Given information:
Segment Open
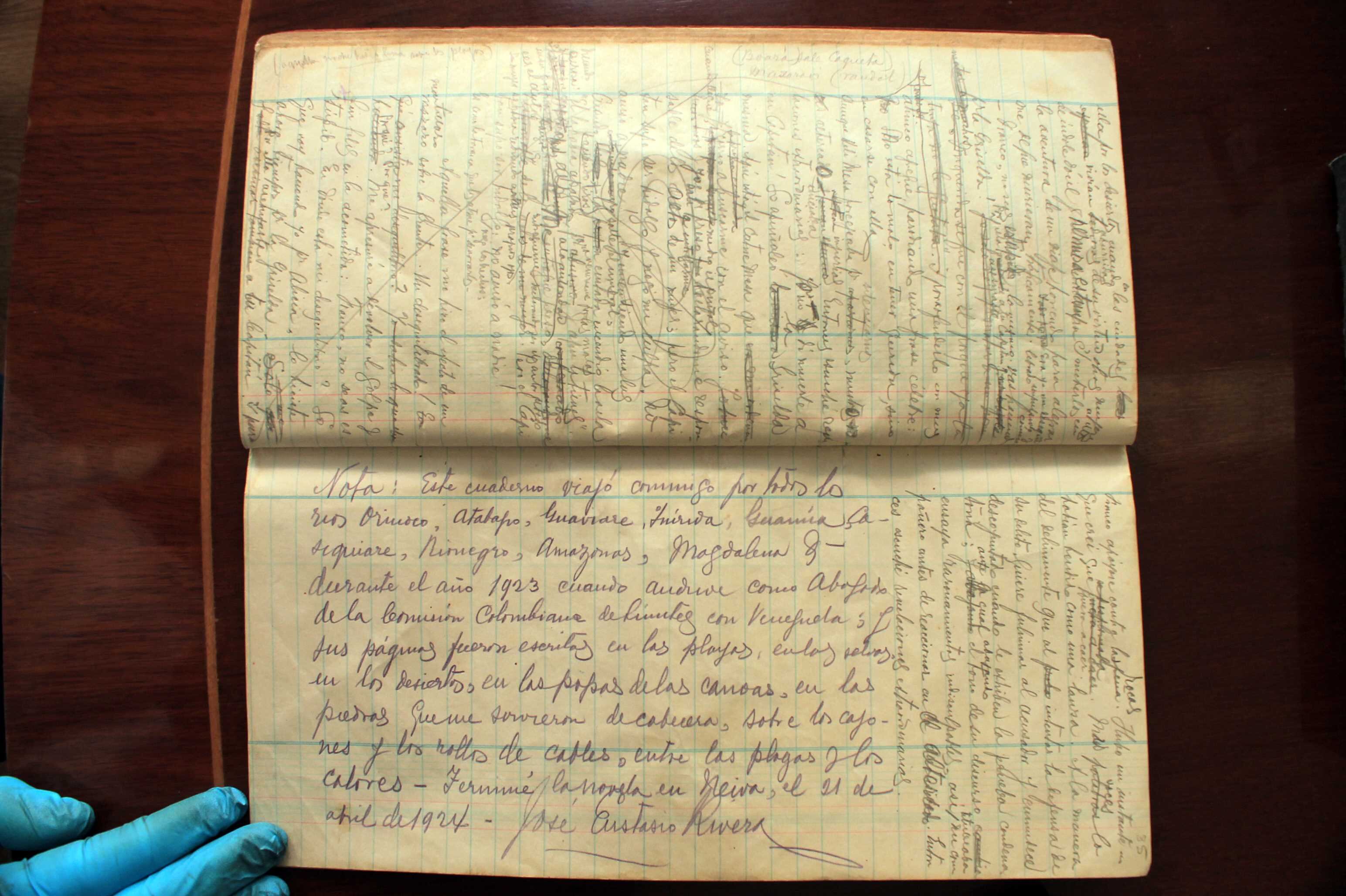 Manuscrito de ‘La Vorágine’ (1922 - 1923). Foto: Álvaro Tavera.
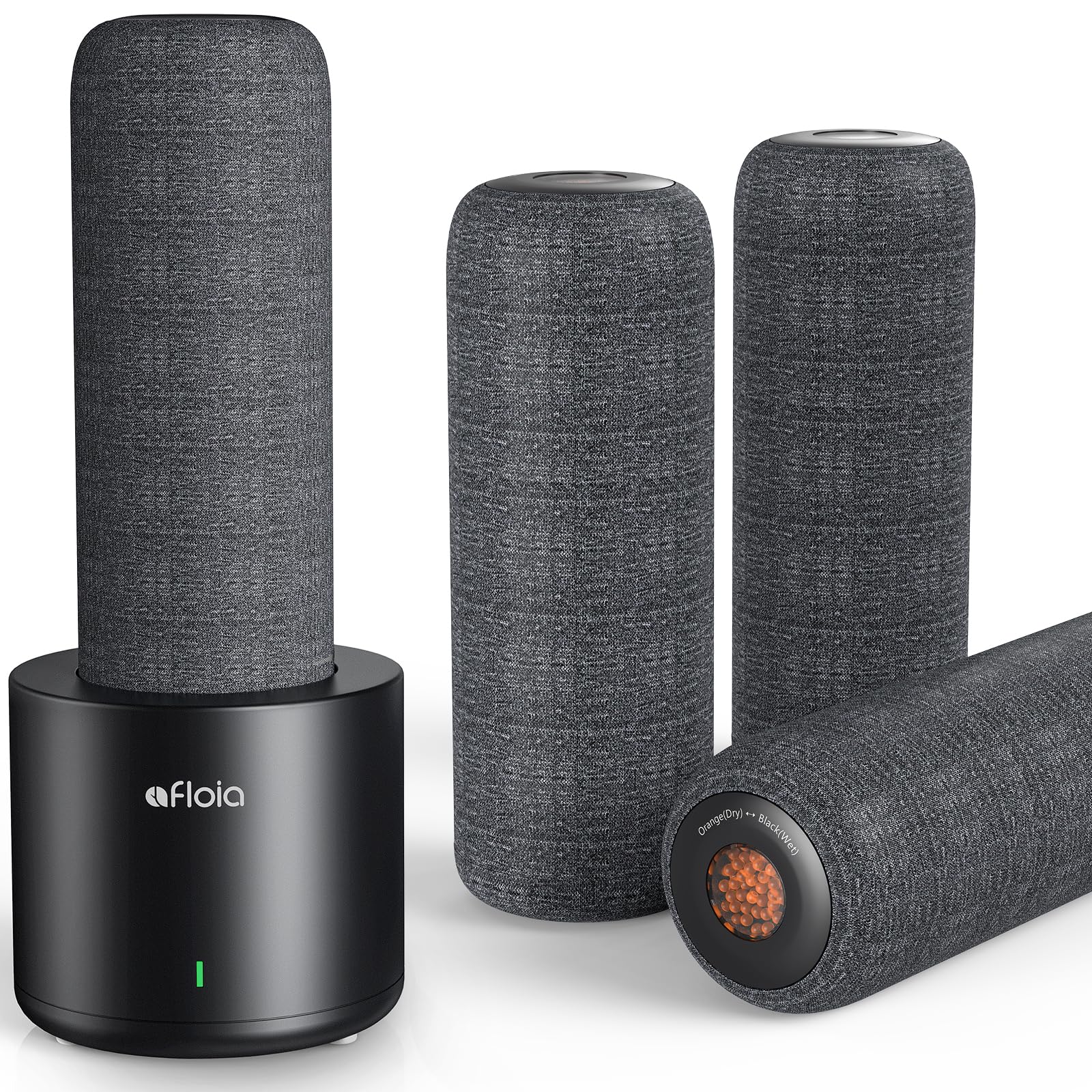 Afloia rechargeable cordless dehumidifier base with heating for regeneration.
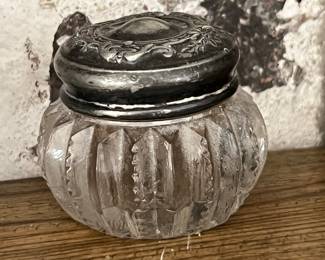 Small Glass balm jar with sterling silver lid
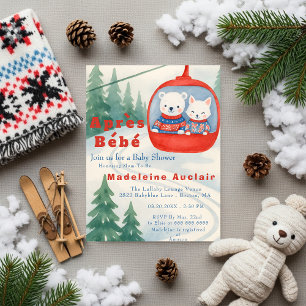 Invitación Después de Bébé animales del bosque de esquí baby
Segment Closed
Line by line, write out the data above exactly, without the pictures.

 Manuscrito de ‘La Vorágine’ (1922 - 1923). Foto: Álvaro Tavera.
 Afloia rechargeable cordless dehumidifier base with heating for regeneration.
 Small Glass balm jar with sterling silver lid
 Invitación Después de Bébé animales del bosque de esquí baby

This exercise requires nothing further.